As White explains it, “There wasn’t a conscious theme, though the songs operate in the same sort of space, that sense of surrealism. There’s ghosts, there's other worlds. There's a cosmic feeling, questions about the beginning and the end and dreams. And then there’s simpler songs, love songs about the feelings of infatuation you have when you’re young”
Opener ‘The Holy Death’ is exemplary, White setting folk-ish reflections on mortality to an elegant melody within a chiming arrangement that shifts effortlessly to a more maniacal mode for the climax.
The hymnal ‘Righteous’ swerves sideways into tender introspection, setting a reflection on religion and the longing for vindication to an airy melody. ‘501s’ is a different ballgame, a dream-pop reflection on teenage infatuation played with an impressionistic lyricism; White evokes the tastes and textures of lived-in youthful experience at a stroke. The dappled folk of ‘Rivers’ dives deep into themes of compulsion, and how others try to accommodate the afflicted and addicted.
Elsewhere, White ranges deftly from lost-love songs (‘Fawn’) to tales of tragic romance (‘The Woman in the War’). The title track is a melting beauty, drawing you deep inside its “parallel world” of longing. Wherever you listen, these are songs with stories to tell and sublime ways of telling them: “There’s not one track on the album that doesn’t mean something to me,” says White.

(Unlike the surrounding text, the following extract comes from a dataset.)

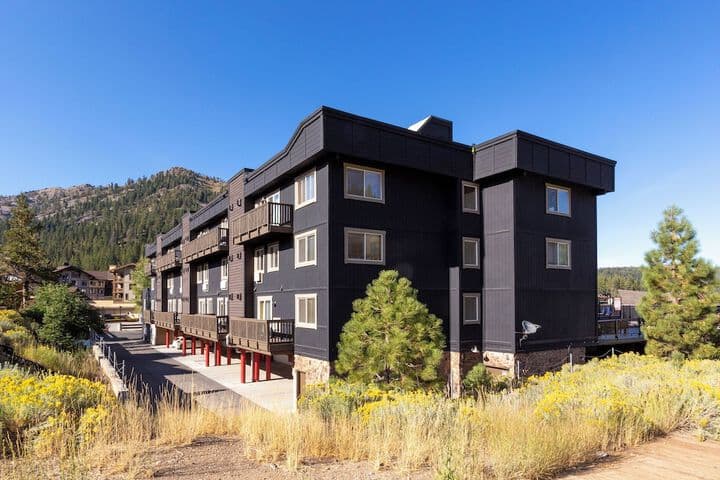 Red Wolf Lodge at Olympic Valley photo 5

A music graduate who has also worked alongside young people with mental health issues, White’s story began in bands. He played in atmospheric indie-rockers Silences before their split allowed Conchúr to develop his solo voice at his own pace. That sense of freedom colours Conchúr’s music. On the Bikini Crops and Dreamers EPs, he filtered the influences of acts such as Arctic Monkeys (recent vintage) and Father John Misty into songs at once playful, referential and experiential. The moonlit plea of this year’s ‘Atonia’, a cathartic reverie on sleep paralysis, showed White’s melodic and lyrical talents blossoming.
With praise from SPIN, The Line of Best Fit, Under the Radar, Steve Lamacq, Radio 6 and others under his belt, he has also notched up touring slots with Villagers, Billie Marten and John Grant, who complemented White’s work warmly. Meanwhile, a recent invitation to support the mighty John Cale in concert lead to more compliments from Cale’s storied bandmembers.
Collaborators on Swirling Violets include Matt Wiggins, who mixed the album; producers Kris Platt and Danny Morgan Ball; and co-writer/producer Iain Archer (‘Swirling Violets’). Finally, Brendan Jenkinson produced the closer, ‘Deadwood’, a serene drift through the “mystic night” under the “summer’s moonlight”. An irresistible invitation to float along with White, Swirling Violets is a magic-realist wonder from a new name to reckon with, bathed in a radiant glow.